Edward Yelin, PhD, is professor emeritus at the University of California, San Francisco. His work, “A Prospective Study of the Impact of Current Poverty, History of Poverty, and Exiting Poverty on Accumulation of Disease Damage in SLE,” was recently published in Arthritis & Rheumatology.1
Dr. Yelin says, “We already know that racial and ethnic minorities are more likely to be diagnosed with lupus than are Caucasians. However, after the onset of the disease, it is not race or ethnicity that primarily drives the differences in outcomes. There is a solid history of literature indicating that it is poverty or other socioeconomic issues.”

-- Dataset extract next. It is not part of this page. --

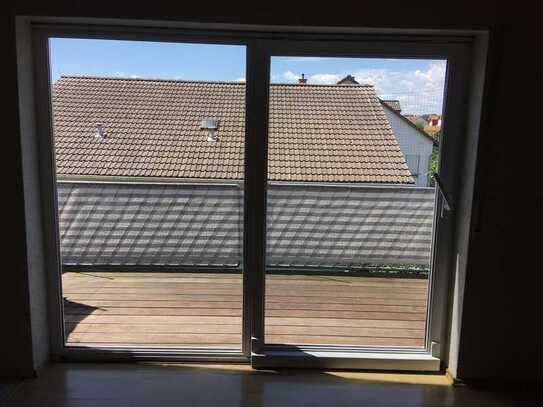 3-Zimmer-DG-Wohnung, offene Küche, mit Balkon in Ketsch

The question, says Dr. Yelin, is “Why?”
In an attempt to tease out the answer to this and other questions, Dr. Yelin and his colleagues followed 783 lupus patients from 2003 to 2015, focusing on the extent of disease damage experienced by each participant.
“One question that arose was, ‘Is it poverty itself that poses the problem, or is it something to do with the personality of those who tend to be poor?’ We postulated that the number of years a lupus patient had been poor has a strong relationship with how much disease damage they had suffered. Although we could not randomize people to poverty, we were able to observe whether people who left poverty had better outcomes—and indeed they did.”
Length of Time in Poverty Matters
Elaborating on this sociological dose-response relationship between poverty and lupus-related damage, Dr. Yelin notes, “We found that the longer people lived in poverty, the more disease damage they sustained. Those who were able to permanently transition out of poverty did have similar increases in damage as those who were never in poverty, but it was not as severe as those who remained poor.”
Given that lifting large numbers of patients out of poverty is a supremely challenging, long-term goal, Dr. Yelin and his colleagues wanted to find out what else was going on. Perhaps there were things occurring at a micro, daily level that could be amenable to improvements. And although they found them, the fact is that there are no simple answers.